C’est un panneau peint, de 1,82 sur 0,63 m. Il contient 4 tableaux de 0,23 sur 0,53 m, de deux scènes chacun, retaillés pour être insérés dans la planche principale, de part et d’autre d’un petit panneau. Ce sont des scènes typologiques : quatre scènes inférieures illustrent des passages du Nouveau Testament, les « antitypes », et quatre scènes supérieures des épisodes de l’Ancien Testament s’y rapportant, les « types ». Un tableau central figure, au centre, Dieu le Père, la colombe de l’Esprit saint, et des anges et surmonte une ouverture en forme de porte.

Dans une carte postale de Gouttefangeas de 1925, on distingue le panneau placé en antependium. L’ouverture centrale, correspondant à la porte d’un tabernacle, permet de supposer qu’il était antérieurement placé sur l’autel principal, comme retable.

La peinture s’écaille malheureusement : des morceaux de taffetas permettent de la conserver, en attendant une restauration.

Source

Les peintures correspondent à la mise en œuvre des préceptes du Concile de Trente : les tableaux évoquent l’Eucharistie, la Messe, la Présence réelle, et la force des Paroles de la Consécration. Les 8 tableaux principaux ont été peints fin XVIe ou début XVIIe ; les scènes sont théâtralisées, les coloris sont vifs, les personnages ont des têtes allongées, éloignées des proportions idéales : on s’éloigne ici des canons de la Renaissance pour entrer dans le mouvement maniériste.

L’ensemble a été composé dans une période troublée : les guerres de religion faisaient rage dans la région d’Issoire, et une communauté protestante était solidement implantée à Pailhat, et Job, non loin de Saint-Jean des Ollières

On consultera avec profit l’article de Valentine Langlais : Le pain et l’Eucharistie dans les retables flamands du Saint-Sacrement, 1550-1600. Il y avait à Saint-Jean-des-Ollières une confrérie du Saint Sacrement au XVIIe siècle.

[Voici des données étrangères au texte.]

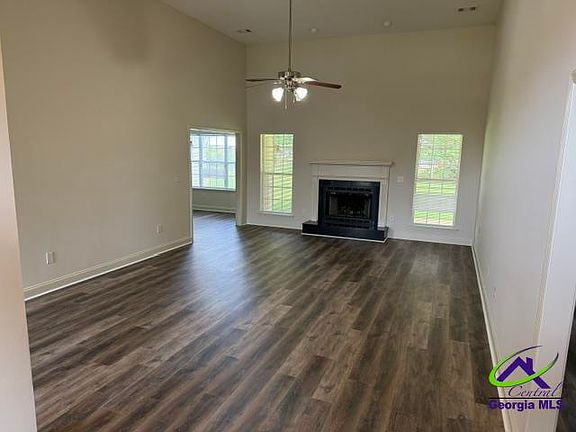 2nd image of 300 Hummingbird Ln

Récolte Manne Abraham-Melchisédech Trinité Elie nourri dans le désert Agneau pascal, Moïse
Pèlerins d’Emmaüs Elévation à la Messe Porte Tabernacle Apôtres à Jérusalem La Cène

 

Premier panneau : la manne, Emmaüs

1 La récolte de la Manne

Source : Ex 16,14-16

La rosée se dissipa, et voici sur la surface du désert quelque chose de menu comme des grains, et de menu comme la gelée blanche sur la terre…Quand ils virent cela, les fils d’Israël se dirent l’un à l’autre : « Mann hou ? » (Ce qui veut dire : Qu’est-ce que c’est ?), car ils ne savaient pas ce que c’était. Moïse leur dit : « C’est le pain que le Seigneur vous donne à manger. Voici ce que le Seigneur a ordonné : Recueillez-en autant que chacun peut en manger : une mesure par personne. Chacun de vous en prendra selon le nombre d’habitants de sa tente. »

Description :

La scène se passe à la montagne, l’arrière-plan montrant des rochers peints en grisaille bleue. La montagne évoque le désert, lieu terrible de rencontre avec Dieu. Des tentes circulaires sont dressées, éparses, aux oriflammes volant au vent. La première est surmontée par un dôme de toile richement ornée, rappelant la tente de la Rencontre, lieu sacré où Dieu parlait à Moïse. Au premier plan, celui-ci, reconnaissable à ses cornes dans la chevelure, sort de la tente, un bâton dressé dans sa main gauche. A ses pieds, un homme et une femme remplissent des corbeilles avec des petits grains blancs. Derrière lui, on reconnaît Aaron à sa coiffe juive de grand prêtre. Dans tout le camp, des personnages recueillent la manne, qui descend du ciel comme des flocons de neige.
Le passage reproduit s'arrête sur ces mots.